The exposure distribution is strongly skewed (skewness = 3.6), which reduces the capability of the GAM model to predict the less frequent high exposure episodes. The physical properties of the black carbon measurements result in small residuals for low BC values. By applying a weighting function (WBC) for both low and high BC values, the model becomes more sensitive to the low and high exposure values. The resulting variant of the model BC_LAG60_WBC shows a stronger deviance explained compared to the BC_LAG60 model (last row in Table 2
). The model fit strength was tested by evaluating the total and average trip exposure prediction versus the measured BC trip exposure, aggregated by trip (Figure 1
The total trip exposure prediction is strong (r2
= 0.89, slope = 0.88); on the average trip exposure, the fit is somewhat lower (r2
= 0.73 and slope = 0.63).
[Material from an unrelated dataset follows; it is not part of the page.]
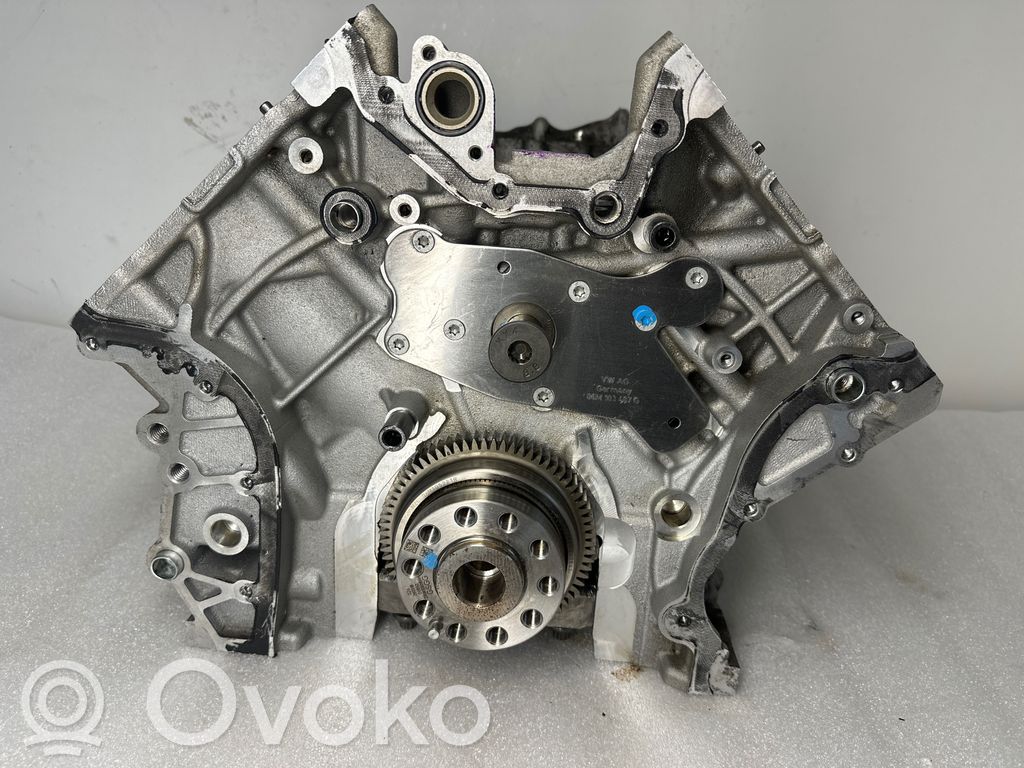 Audi A4 S4 B9 Blokas 
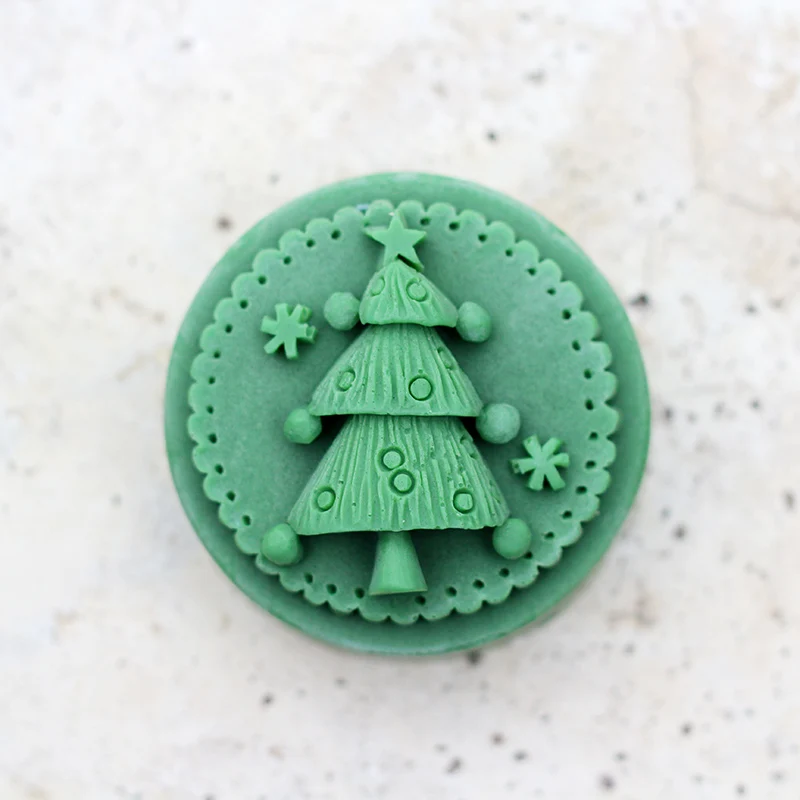 Nicole Silicone Soap Mold Creative Christmas Tree Shape DIY Chocolate Candy Craft Decorating Tools
Nicole Silicone Soap Mold Creative Christmas Tree Shape DIY Chocolate Candy Craft Decorating Tools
The automatic use of criteria as AIC for selecting models has been reported previously to be potentially misleading [30
]. The reduction of AIC for BC_LAG60_WBC is compensated in the model fit evaluation by improving the slope for the average trip exposure from 0.50–0.63 and deviance explained from 39.1–46.9%. All models in the next sections will be based on the LAG60 exposure dataset with weight WBC.
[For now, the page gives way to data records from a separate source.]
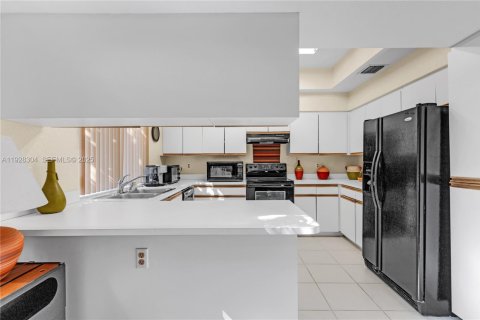 Casa en venta en Plantation, Florida, 3 dormitorios, 203.18 m2 № 1988470 - foto 6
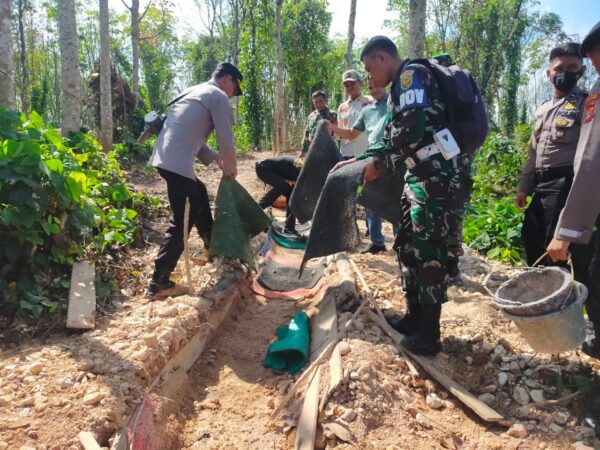 Polres Way Kanan Lakukan Penertiban Penambang Emas Ilegal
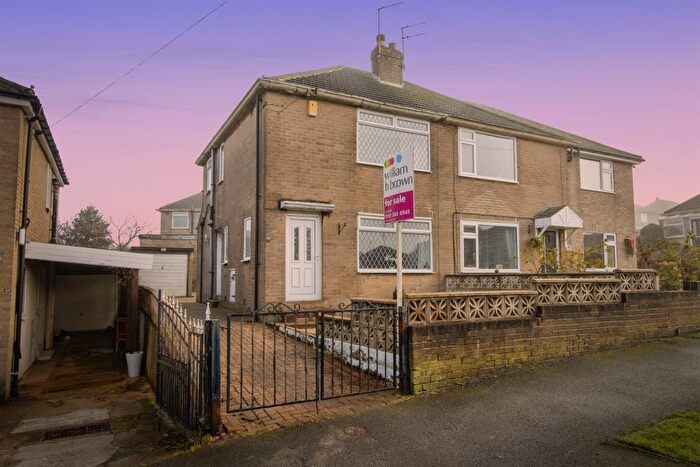 2 Bedroom Semi Detached House For Sale In Lulworth Crescent, Leeds, LS15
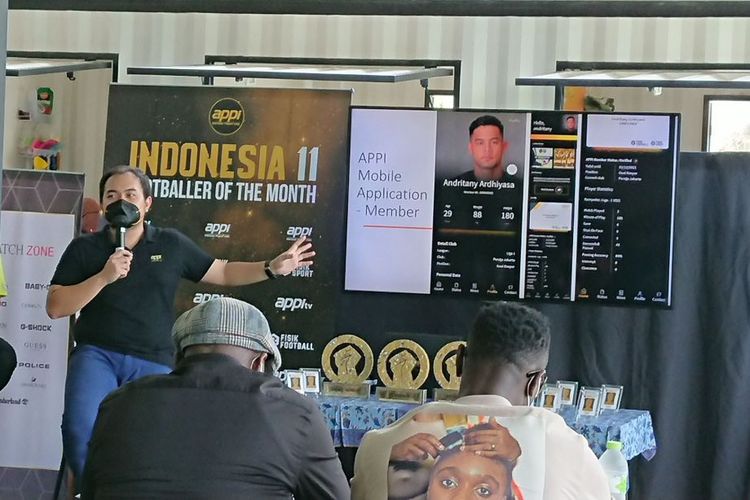 Plt. General Manager APPI Mohamad Hardika Aji memberikan pemaparan mengenai aplikasi APPI khusus untuk anggotanya pada acara temu media di Jakarta Selatan, Senin (4/10/2021).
3.2. Non-Linear In-Vehicle Exposure Characteristics
In this section, we present the non-linear aspects of all covariates. The aim is to illustrate the variability in the measurements and map the specific non-linear characteristics of all the covariates to the potential origin of the in-vehicle exposure variation (see Figure 2
). The hourly traffic counts and noise attribution are presented within a single model to illustrate the relative behavior and strength. Other interactions between other sets of covariates exist, as well, but they are only described in a qualitative manner. The diurnal pattern of log (BC) is fitted by using the hour of the day as a covariate, referred to as HourOfDay. The GAM summary statistics are available in Supplementary Data Table S1
The relative speed (actual speed divided by the local speed limit) shows a maximum below 0.5. The peak can be related to dynamic traffic with starts and stops and/or congested traffic. Short distances between vehicles in such traffic conditions result in higher in-vehicle concentrations. The drop-off at low relative speed indicates actual stops or congestion with idling vehicles. This idling effect was also visible for bicyclists in Bangalore, India [33
]. The acceleration is the weakest covariate and is numerically highly sensitive to the quality of the GPS readings, but behaves as expected; increased levels when accelerating and decreased levels with moderated deceleration. Strong deceleration, related to actual stops in traffic, shows high variability, which can be due to the short distance to the source when waiting and idling in a queue at a traffic light. The bulk of the data show little to no acceleration and this is reflected in the very low strength of the covariate. The actual speed shows higher values at low speeds and lower values at low speed. The increased levels at low speed can find their origin in congested traffic, as well. The reduction of in-vehicle exposure at high speeds could be linked to the higher efficiency of the ventilation systems at higher speeds as mentioned by Xu [15
]. Higher speeds also occur in free flow traffic with higher distances between the vehicles. Other interactions with other covariates are evident; the actual speed does for example also relate to the type of road travelled. The absolute speed is lower in strength compared to relative speed, expressing the complex interactions between vehicle speed and traffic dynamics.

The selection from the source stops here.